3.築年数が経った住宅をリフォームできれいにしたい方が多い

ここまでは住まいに対するこだわりや理想のリフォームについてみてきましたが、5年以内にリフォームするとしたら、どういったリフォームを考えているのでしょうか。

そこで、「現在の住まいに対して5年以内にリフォーム・リノベーションなどで改善をしたい箇所はありますか?賃貸住宅にお住いの方は、仮に改善できるとしたらどこを改善したいかをお答えください。」と質問した結果とその回答理由を確認していきましょう。

(戸建て)
1位:お風呂 (25.8%)
2位:トイレ (21.2%)
3位:キッチン(18.2%)

(マンション)
1位:お風呂 (45.5%)
2位:トイレ (33.3%)
3位:キッチン(27.3%)

アンケートの結果、戸建て、マンションの両方でお風呂・トイレ・キッチンという水回りがTOP3となり、続く4位も水回りの洗面がランクインしていますが、回答の理由は次のようになっています。

(戸建て)
1位:住まいのいたみを直す、きれいにする    (47.2%)
2位:間取り、収納、設備などを使いやすくする  (22.2%)
3位:高齢期の生活の安全・安心や住みやすさの向上(8.3%)
3位:地震に対する安全性の向上         (8.3%)

(マンション)
1位:住まいのいたみを直す、きれいにする    (26.1%)
1位:間取り、収納、設備などを使いやすくする  (26.1%)
3位:高齢期の生活の安全・安心や住みやすさの向上(21.7%)

使用頻度の高い水回りのリフォームニーズが高いことからもわかるように、戸建てとマンションの両方で「住まいのいたみを直す、きれいにする」という理由が1位となりました。これらは、愛知県に限った話ではなく、他の都道府県でも多く見られる傾向です。

しかし、戸建てでは住まいのいたみを直したいという回答が2位の2倍以上の得票率となっており、愛知県では特に住まいのいたみを修理したいというニーズが強いことがわかります。これには、愛知県で高経年の住宅が増えていることが背景にあると考えられます。

「愛知県住生活基本計画2025」によると、分譲マンションにはなりますが、新規供給戸数は、1994年をピークに減少傾向にあり、今後はピーク時に建てられた建物の老朽化がはじまります。
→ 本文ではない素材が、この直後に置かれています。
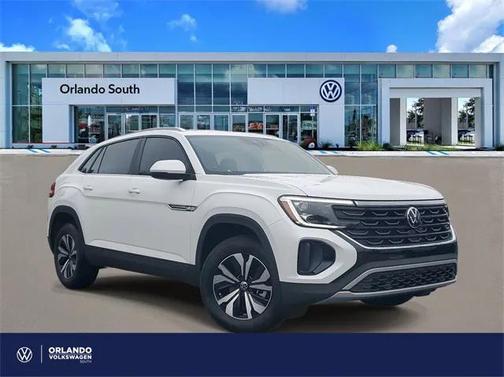 2026 Volkswagen Atlas Cross Sport 2.0T SE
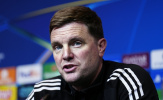 Lợi thế giúp Eddie Howe trở thành ứng viên số 1 tại MU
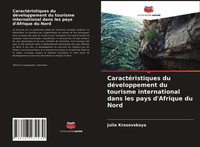 Julia Krasovskaya | CaractéRistiques Du DéVeloppement Du Tourisme...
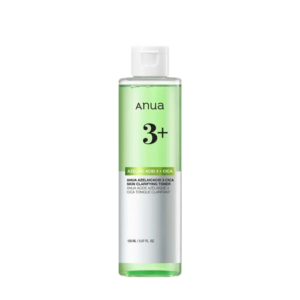 ANUA AZELAIC ACID 3 CICA SKIN CLARIFYING TONER -250ml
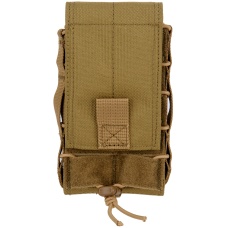 Code 11 Tactical Cordura Miscellaneous Universal Pouch - COYOTE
一般的に築年数が経過すると、雨風で外壁・屋根が痛む、水回りの部品が故障するなどのトラブルが出やすくなり、住まいのいたみに対する不満が大きくなっていることが想像できます。

4.お気に入りの庭を活かした全面リフォーム

愛知県在住の方に、住まいのこだわりや理想のリフォーム、直近5年でリフォームした箇所についてアンケートを取った結果をご紹介してきましたが、いかがでしたでしょうか。

住まいに対してこだわりや住みたいと思う理想はありつつも、将来ではなく直近5年のように、現実的な設問になると今困っていることや利便性を求める方が多いようです。
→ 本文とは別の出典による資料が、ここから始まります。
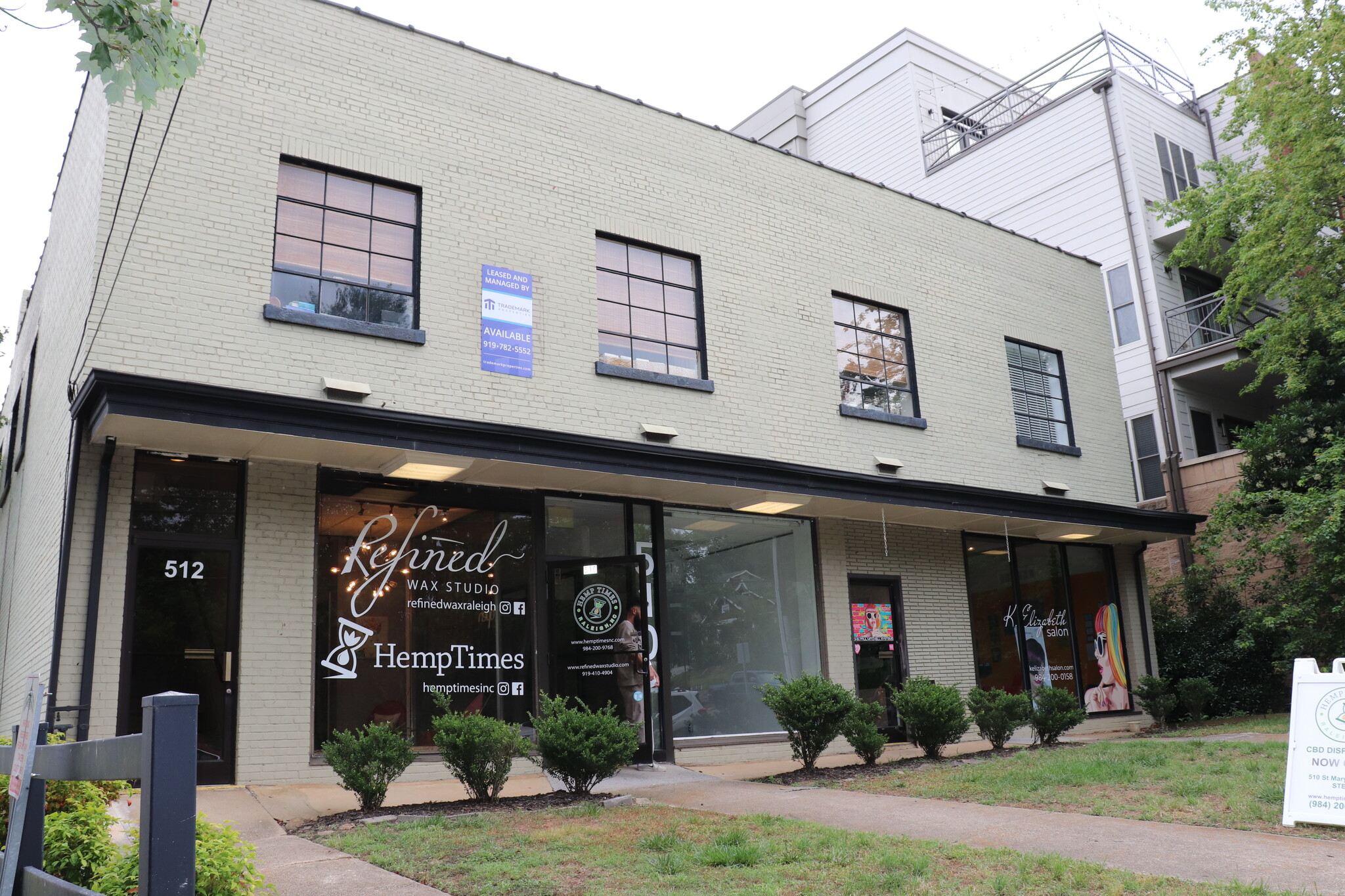 508-512 St Marys St, Raleigh, NC for Rent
実際、なにかが故障してから買い替えやリフォームを検討される方も少なくありません。

しかし、これから住み続けていく住まいでは、理想とする住まいの形を実現するために、まとめてリフォーム/リノベーションをしてしまった方が、トータルで見ると安くなるケースがほとんどであり、住みたいと思える家で暮らすことができます。

この機会に、改善したい個所ではなく、「どんな家に住みたいか?」を考えてみてはいかがでしょうか。
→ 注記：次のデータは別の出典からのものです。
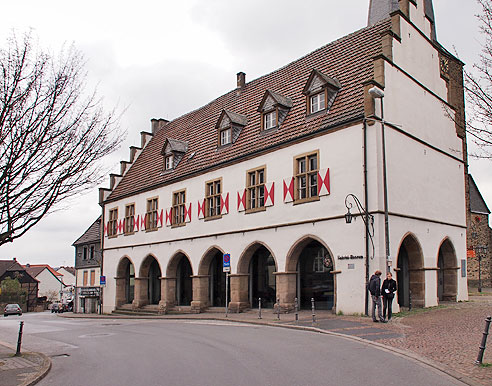 Altes Rathaus in Schwerte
最後に、愛知県で理想の住まいを手に入れたR邸の事例をご紹介します。

立地も良く、間取りも気に入った中古住宅を購入してお住まいでしたが、フルリフォームをしてこだわりの家に住みたいという想いや、耐震・設備の古さにも不安があったため実際にフルリフォームされました。

もともと気に入っていた庭をそのまま活かし、水まわり(キッチン 浴室・バス トイレ 洗面)、居室(リビング・ダイニング 洋室(寝室・子供部屋など))、その他(収納)、など全面的にリフォームした事例になります。